In the United States, as we will see, the 20th century rise of the Bush family was built on the five pillars of American global sway: the international reach of U.S. investment banking, the emerging giantism of the military-industrial complex, the ballooning of the CIA and kindred intelligence operations, the drive for U.S. control of global oil supplies, and a close alliance with Britain and the English-speaking community. This century of upward momentum brought a sequence of controversies, albeit ones that never gained critical mass — such as the exposure in 1942 of Prescott Bush’s corporate directorship links to wartime Germany, which harked back to overambitious 1920s investment banking; the Bush family’s longtime involvement with global armaments and the military-industrial complex; and a web of close connections to the CIA, which began decades before George Bush’s brief CIA directorship in 1976. Threads like these may not weigh heavily on individual presidencies; they are many times more troubling when they run through several generations of a dynasty.
We must be cautious here not to transmute commercial relationships into a latter-day conspiracy theory, a transformation that epitomizes what historian Richard Hofstadter years ago called the “paranoid streak” in American politics. (Try a Google Internet search for “George Bush and Hitler,” for example.) On the other hand, worries about conspiracy thinking should not inhibit inquiries in a way that blocks sober examination, which often more properly identifies some kind of elite behavior familiar to sociologists and political scientists alike.
The particular evolution of elites within nations that became leading world economic powers over the last four centuries is a subject I have discussed in several previous books, especially “Wealth and Democracy” (2002).

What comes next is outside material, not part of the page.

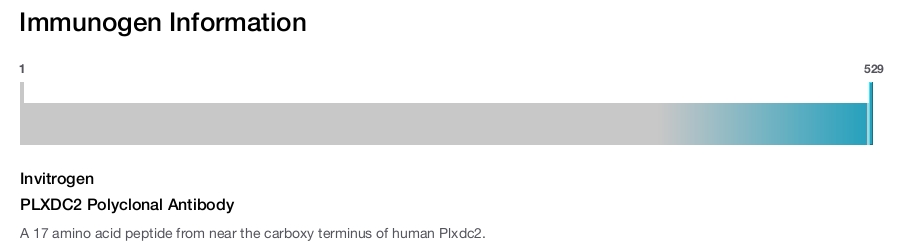 PLXDC2 Polyclonal Antibody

The rise of a nation’s “establishment” to its zenith is invariably an accretive process, not a successfully executed sequence of plots. Still, “old-boy” networks or their equivalents usually play a significant role in maintaining a group in power.

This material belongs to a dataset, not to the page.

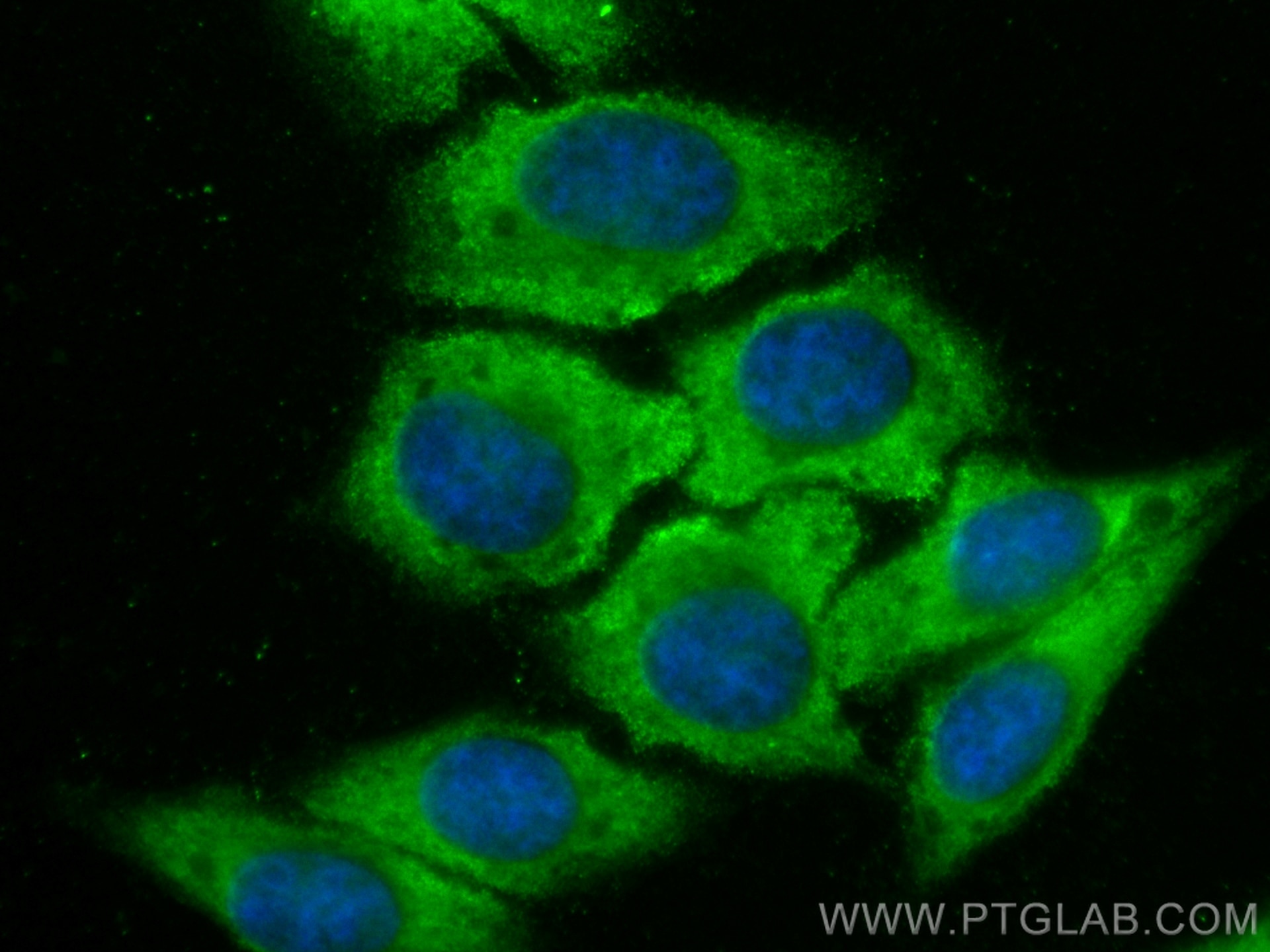 Immunofluorescence (IF) / fluorescent staining of HepG2 cells using CoraLite® Plus 488-conjugated PSAT1 Recombinant an (CL488-81479)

Treating the Bush presidencies as growing out of a four-generation interaction with the so-called U.S. establishment is, in a word, essential. Likewise, dealing separately with the administrations of George H.W. and George W. — or, worse, ignoring commonalities of behavior in office — is like considering individual planets while ignoring their place within the solar system.
Four examples are illustrative. One is the repeated use of family influence in arranging or smoothing over difficulties in the military service of three generations of Bushes: Prescott, George H.W. and George W. Similarly, the involvement of four Walker and Bush generations with finance — in several cases, the investment side of the petroleum business — helps to explain their recurrent preoccupation with investments, capital gains and tax shelters. George W. Bush’s 2003 commitment to ending taxation of dividends was simply an extension of his father’s frequent calls for reducing capital gains tax rates as the solution to any weakness in the national economy. Third, the family’s ties to oil date back to Ohio steelmaker Samuel Bush’s relationship to Standard Oil a century ago, while its ultimately dynastic connection to Enron spanned the first national Bush administration, the six years of George W. Bush’s governorship of Texas, and the first year of his Washington incumbency. No other presidential family has made such prolonged efforts on behalf of a single corporation. Finally, there is no previous parallel to the relationships between the Bushes and the CIA and its predecessor organizations, which began in the invisible-ink and Ashenden, Secret Agent days of George Herbert Walker and Prescott Bush. Quite simply, analyzing separately the two Bush presidencies risks losing sight of such essential and revealing leitmotifs.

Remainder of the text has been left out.